Brief: Given the records below, transcribe each of them exactly.

Scraped caption text data:
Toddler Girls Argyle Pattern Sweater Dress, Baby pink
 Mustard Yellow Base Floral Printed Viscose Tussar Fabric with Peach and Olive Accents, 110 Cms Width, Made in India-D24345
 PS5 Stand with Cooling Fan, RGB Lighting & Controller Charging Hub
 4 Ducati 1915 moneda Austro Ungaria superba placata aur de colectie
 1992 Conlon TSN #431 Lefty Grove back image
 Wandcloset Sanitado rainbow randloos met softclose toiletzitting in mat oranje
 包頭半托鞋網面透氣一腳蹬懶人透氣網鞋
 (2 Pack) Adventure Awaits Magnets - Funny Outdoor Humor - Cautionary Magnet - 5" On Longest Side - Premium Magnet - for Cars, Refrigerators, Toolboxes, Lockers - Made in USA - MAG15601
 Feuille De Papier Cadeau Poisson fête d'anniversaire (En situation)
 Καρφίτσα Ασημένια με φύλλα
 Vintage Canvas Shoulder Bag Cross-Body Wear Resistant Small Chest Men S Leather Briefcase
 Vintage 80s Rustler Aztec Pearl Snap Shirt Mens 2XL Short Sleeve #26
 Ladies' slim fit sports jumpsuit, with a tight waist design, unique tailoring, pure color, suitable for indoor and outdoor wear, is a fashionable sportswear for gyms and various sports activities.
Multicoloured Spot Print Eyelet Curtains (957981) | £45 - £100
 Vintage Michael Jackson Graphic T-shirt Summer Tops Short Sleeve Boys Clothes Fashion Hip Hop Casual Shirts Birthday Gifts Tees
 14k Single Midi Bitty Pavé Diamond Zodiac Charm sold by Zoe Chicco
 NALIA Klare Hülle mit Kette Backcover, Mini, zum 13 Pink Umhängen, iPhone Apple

Reply:
Toddler Girls Argyle Pattern Sweater Dress, Baby pink
 Mustard Yellow Base Floral Printed Viscose Tussar Fabric with Peach and Olive Accents, 110 Cms Width, Made in India-D24345
 PS5 Stand with Cooling Fan, RGB Lighting & Controller Charging Hub
 4 Ducati 1915 moneda Austro Ungaria superba placata aur de colectie
 1992 Conlon TSN #431 Lefty Grove back image
 Wandcloset Sanitado rainbow randloos met softclose toiletzitting in mat oranje
 包頭半托鞋網面透氣一腳蹬懶人透氣網鞋
 (2 Pack) Adventure Awaits Magnets - Funny Outdoor Humor - Cautionary Magnet - 5" On Longest Side - Premium Magnet - for Cars, Refrigerators, Toolboxes, Lockers - Made in USA - MAG15601
 Feuille De Papier Cadeau Poisson fête d'anniversaire (En situation)
 Καρφίτσα Ασημένια με φύλλα
 Vintage Canvas Shoulder Bag Cross-Body Wear Resistant Small Chest Men S Leather Briefcase
 Vintage 80s Rustler Aztec Pearl Snap Shirt Mens 2XL Short Sleeve #26
 Ladies' slim fit sports jumpsuit, with a tight waist design, unique tailoring, pure color, suitable for indoor and outdoor wear, is a fashionable sportswear for gyms and various sports activities.
Multicoloured Spot Print Eyelet Curtains (957981) | £45 - £100
 Vintage Michael Jackson Graphic T-shirt Summer Tops Short Sleeve Boys Clothes Fashion Hip Hop Casual Shirts Birthday Gifts Tees
 14k Single Midi Bitty Pavé Diamond Zodiac Charm sold by Zoe Chicco
 NALIA Klare Hülle mit Kette Backcover, Mini, zum 13 Pink Umhängen, iPhone Apple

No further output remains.